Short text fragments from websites
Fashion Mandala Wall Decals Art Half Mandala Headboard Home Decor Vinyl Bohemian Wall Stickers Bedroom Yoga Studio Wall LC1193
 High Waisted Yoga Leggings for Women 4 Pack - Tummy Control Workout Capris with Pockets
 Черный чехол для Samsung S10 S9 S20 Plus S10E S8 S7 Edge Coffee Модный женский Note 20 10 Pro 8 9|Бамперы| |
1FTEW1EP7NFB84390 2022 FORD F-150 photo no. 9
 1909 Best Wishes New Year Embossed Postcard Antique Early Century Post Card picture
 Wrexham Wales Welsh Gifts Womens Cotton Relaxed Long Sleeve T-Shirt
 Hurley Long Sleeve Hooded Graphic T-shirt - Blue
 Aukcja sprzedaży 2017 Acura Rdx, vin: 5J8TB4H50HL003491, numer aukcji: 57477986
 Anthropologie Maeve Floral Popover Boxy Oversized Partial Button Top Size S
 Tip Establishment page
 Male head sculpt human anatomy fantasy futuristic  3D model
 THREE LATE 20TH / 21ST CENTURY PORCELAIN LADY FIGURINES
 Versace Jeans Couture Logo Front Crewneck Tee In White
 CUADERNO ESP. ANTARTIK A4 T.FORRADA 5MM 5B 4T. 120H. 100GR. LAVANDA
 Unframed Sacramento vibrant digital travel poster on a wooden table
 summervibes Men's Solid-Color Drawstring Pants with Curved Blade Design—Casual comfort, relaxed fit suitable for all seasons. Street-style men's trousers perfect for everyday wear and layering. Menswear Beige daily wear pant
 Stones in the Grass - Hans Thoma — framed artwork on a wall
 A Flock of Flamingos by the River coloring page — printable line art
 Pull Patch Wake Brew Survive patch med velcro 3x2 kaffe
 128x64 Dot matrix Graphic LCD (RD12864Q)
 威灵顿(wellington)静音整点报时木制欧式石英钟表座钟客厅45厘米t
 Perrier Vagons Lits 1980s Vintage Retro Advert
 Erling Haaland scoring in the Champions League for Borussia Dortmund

Exercise details -> Filter the data above, keeping only lines that include the string "page".

Response to this exercise ->
 Tip Establishment page
 A Flock of Flamingos by the River coloring page — printable line art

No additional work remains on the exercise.